Now though, an even bigger change. With the introduction of MacOS X Catalina, iTunes is dead! That’s right - iTunes is no more. Its functions have been split off into different apps, just like on iOS. And while the new Music app might look relatively familiar, under the hood it has changed. Apple has warned digital DJs who rely on XML files for searching and syncing their iTunes library with other DJ apps to hold off updating from Mojave until the developer of their DJ app of choice says that Catalina is officially supported and there is a replacement for the now-defunct XML workflow. But why?

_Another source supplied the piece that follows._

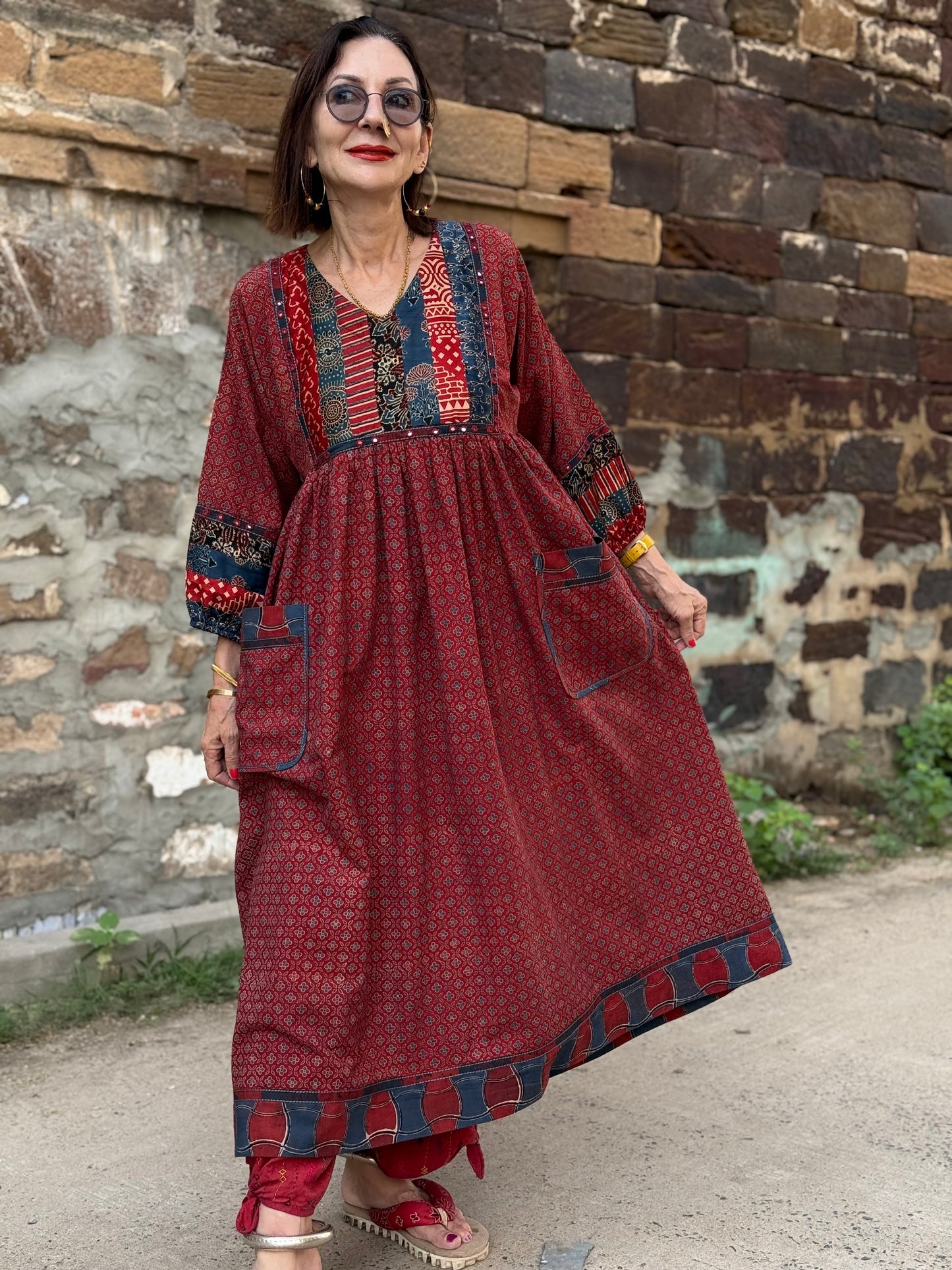 Red cotton dress from hand printed fabrics. A touch of hand embroidered mirrors highlights sleeve borders and bodice of mixed prints.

XML files are essentially simple text files, but formatted in a way that enables the exchange of data between apps. In the case of DJs and iTunes, this meant playlists, ratings and other information could be shared fairly easily between iTunes and apps like Traktor, Serato and Rekordbox. Many DJs will have spent a great deal of time creating custom playlists and tags in iTunes for export to a DJ app. But in the Music app on Catalina, the XML option has gone. This is likely a change based on the back end of Apple’s systems and how they deal with data so don’t hold your breath for them bringing XML support back - they will almost certainly leave it to third party developers to find a way to replace this functionality.
So the message is loud and clear - if you have spent time setting up or otherwise rely on XML playlist sharing from iTunes, don’t upgrade to Catalina yet. Contact the developer of your DJ app to see what the state of play is and when a fix is likely to appear. This is also a good general rule when you run mission-critical software. Never update until you are sure your setup isn’t going to break.